* WHAT YOU WILL DO
Since the listing below shows pictures, leave them out and write out exactly the lines from the line with "Local Leaf Cannabis Vancouver" to the line with "Instalação elétrica residencial", both included, and no others.

** SOURCE MATERIAL follows **

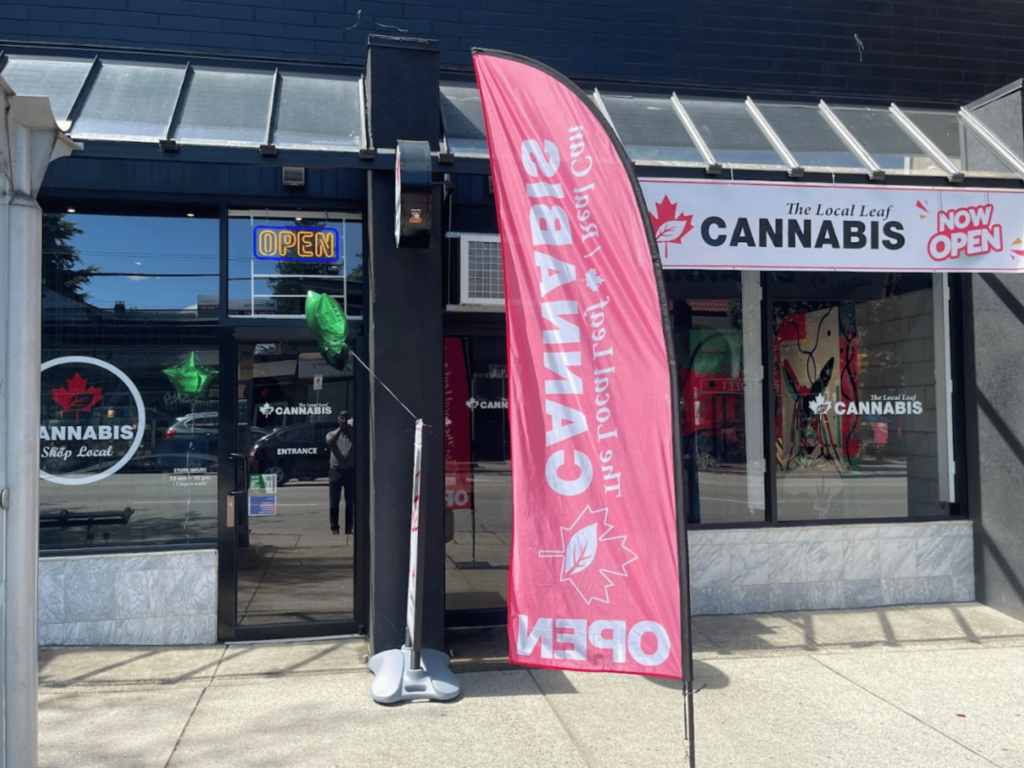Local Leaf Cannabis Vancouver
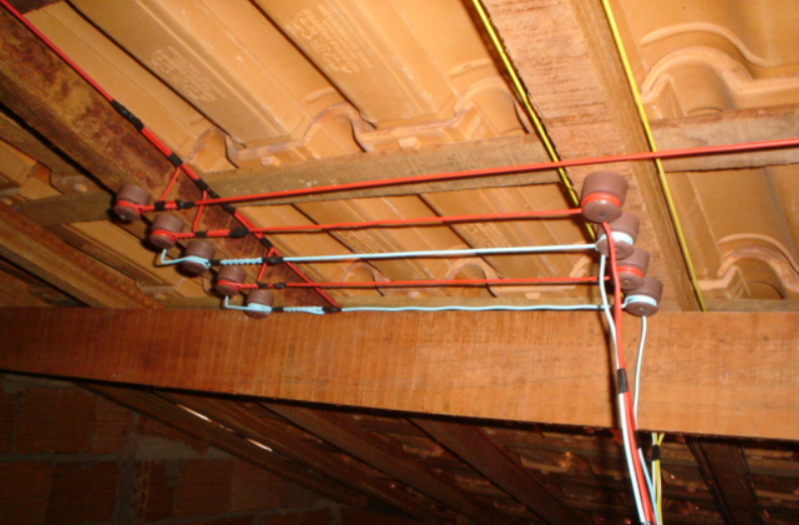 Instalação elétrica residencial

** End of SOURCE MATERIAL **
** SOURCE MATERIAL follows **

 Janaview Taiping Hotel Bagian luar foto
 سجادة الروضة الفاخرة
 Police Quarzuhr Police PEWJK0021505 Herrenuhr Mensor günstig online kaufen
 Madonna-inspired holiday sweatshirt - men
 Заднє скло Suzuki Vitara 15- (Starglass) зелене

** End of SOURCE MATERIAL **

* FINAL ANSWER
Local Leaf Cannabis Vancouver
 Instalação elétrica residencial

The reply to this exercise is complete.